This last week has brought small victories and a devastating tragedy. Nationally, we saw a delay of voting on the Senate’s version of a new healthcare bill, and we celebrate the opportunity to continue to contact legislators with concerns about the impact and implications of this legislation. Locally, we saw a kind, young man die after being shot in a neighborhood park; an immediate, irreversible, violent act that has gripped the hearts of a community.
We started this group in response to the divisive and hateful rhetoric that gripped our country and led to the election of a president who’s fanned the flames of fear and separation. Our mission has been to proactively engage in progressive change, and while we’ve made many strides, we have so much opportunity to do more. To everyone who has canvassed, made calls, contacted legislators, showed up for demonstrations, done research, printed fliers, written postcards, given rides to voters, and donated your hard earned dollars to candidates and causes – you are creating the change that you crave for our community!

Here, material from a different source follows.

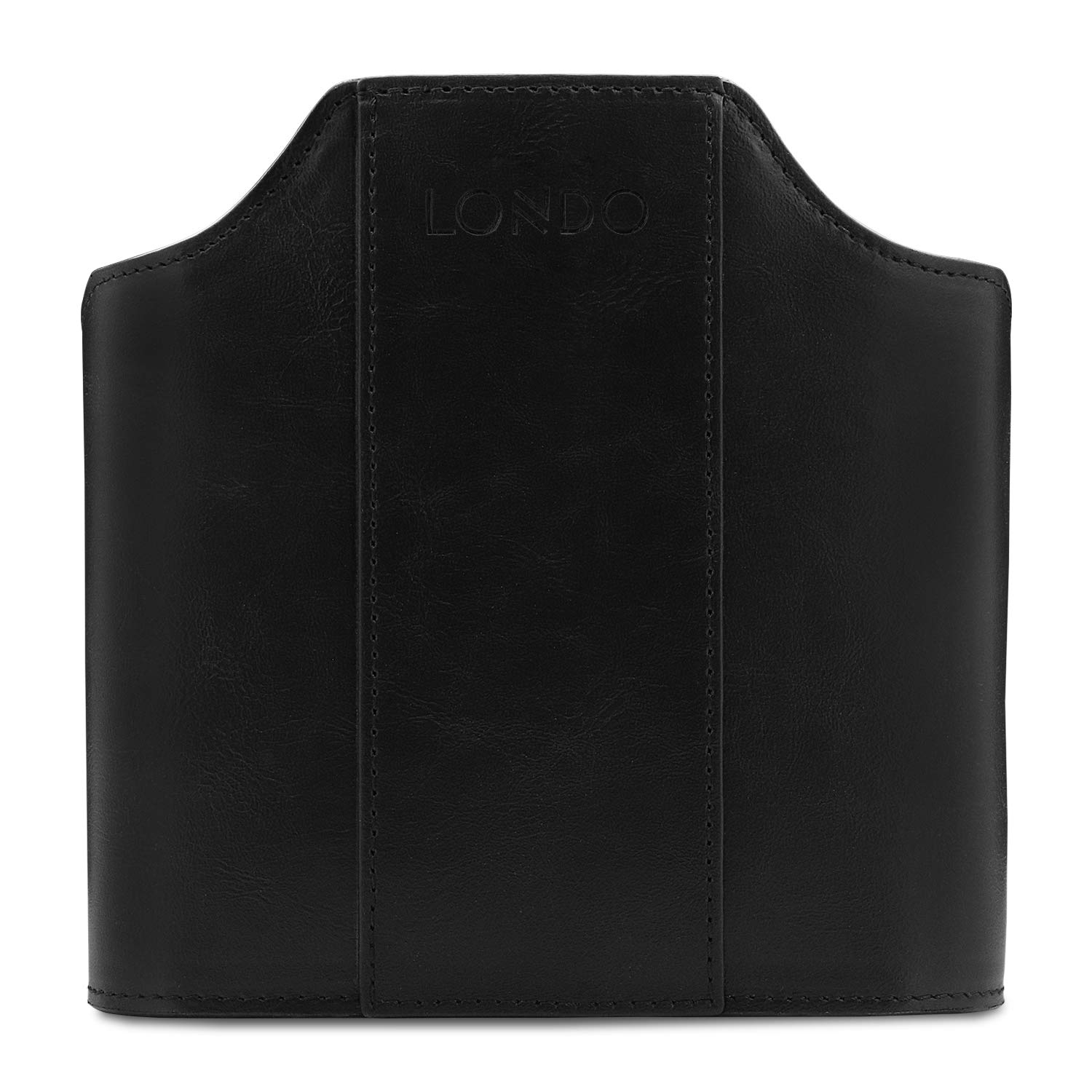 Londo Leder Fernbedienung Organizer und Halter & Leder Fernbedienung Organizer und Halter mit Tablet Fach, Fernbedienungshalter - Multifunktion Aufbewahrung (Hellbraun)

But, we must be vigilant. Where is your comfort zone in this moment? Because it’s time to stretch a bit. Just a little. Last night I went to the vigil for Quan Torbit, who died on Sunday after being shot at Midtown Park in Rock Hill, just off S. Wilson St. There were a few hundred people there and, I can’t say for sure, but maybe 15 where white. Was I a little apprehensive to go? Absolutely. I didn’t know anyone going. Was I worried my intention might be misunderstood? Of course. I stepped out of my comfort zone just a little and was able to show up for a neighborhood grieving the loss of a child. One of the faces I saw in the crowd was Archie Parnell’s. He drove the 2 hours from Sumter to stand in the late summer heat in his trademark blue blazer to bear witness with this community to their suffering. Change in this county is ours to make. Will it be easy? Not at all. But it is possible. We are the ones, and the time is now.